How Equipment Manufacturers are Assisting Food Companies Improve Their Processes and Products
In today’s ever changing food market of expanding product lines with new products, improving current products, etc., the research and development groups for food processing plants and ingredient facilities are turning to
equipment manufacturers to help develop their concepts and provide them with the equipment to carry their ideas from concept to finished product in a manner that saves time and money.
In many situations the research and development people for food processing plants are working on small batch/stove top projects in which they test out a new recipe or perhaps an existing product improvement for taste or texture. With the recipe or concept in hand they turn to the equipment manufacturing research group to see how that team can take the recipe and provide a continuous process with a desirable finished product.

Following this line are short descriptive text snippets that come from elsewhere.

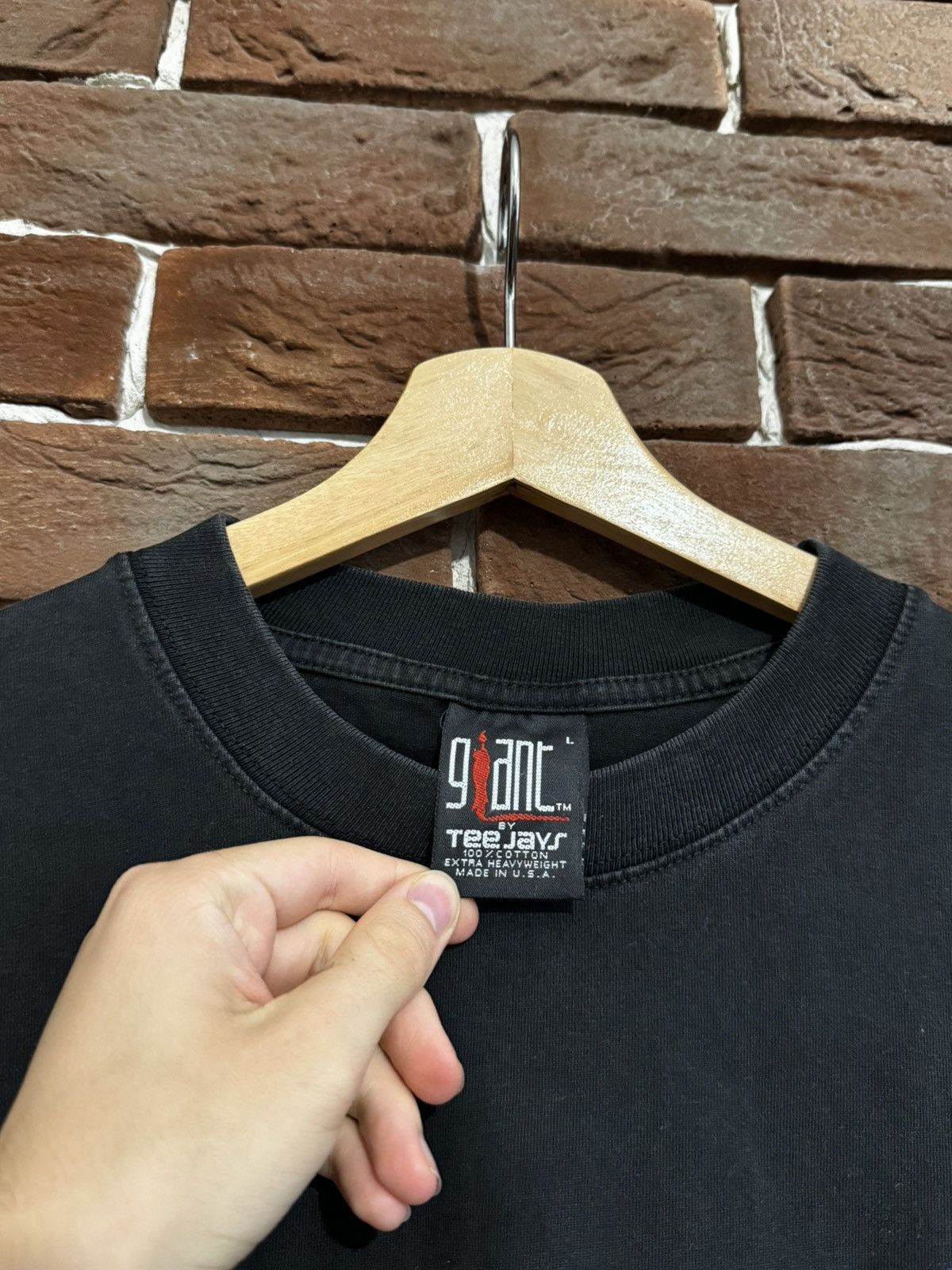 Band Tees Vintage 90s Nine Inch Nails Fragile Rock Band Rare Tshirt Size US L / EU 52-54 / 3 - 5 Thumbnail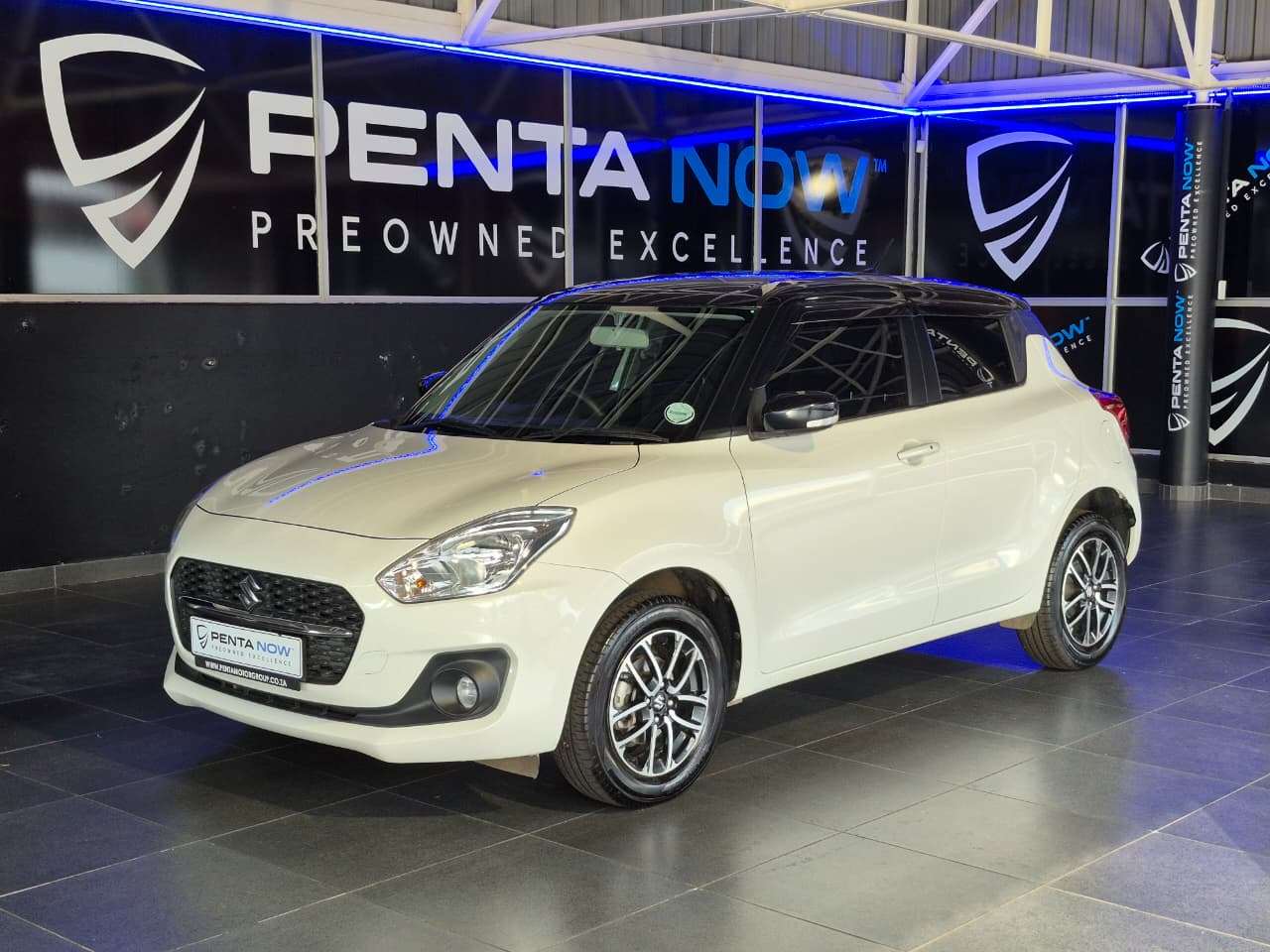 2023 Suzuki Swift, image 1 of 16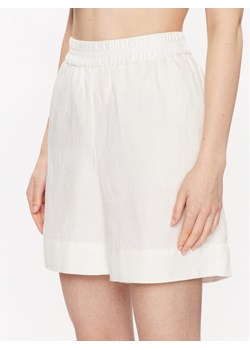Gant Szorty materiałowe Pull-On 4020061 Biały Relaxed Fit ze sklepu MODIVO w kategorii Szorty - zdjęcie 181044278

The task set before the equipment manufacturing research and development group is to take the recipe and review with the food processing group the key elements they need to see or taste in the finished product. The
product texture, look and taste are very important when it comes to selecting equipment for a food processing group. Does the customer expect a specific flavor or note that might need to be added to enhance the taste of a product? Does the product need to have a silky mouth feel or perhaps a grainy look when the product has set up? Is the product sensitive to high heat, or are there any issues with particulates? All of those questions need to be addressed before the equipment manufacturer can provide the proper equipment, and in many cases the equipment research group needs to actually make the customer’s product and demonstrate to the food processing company that color, taste and texture will meet the expectations of the customer.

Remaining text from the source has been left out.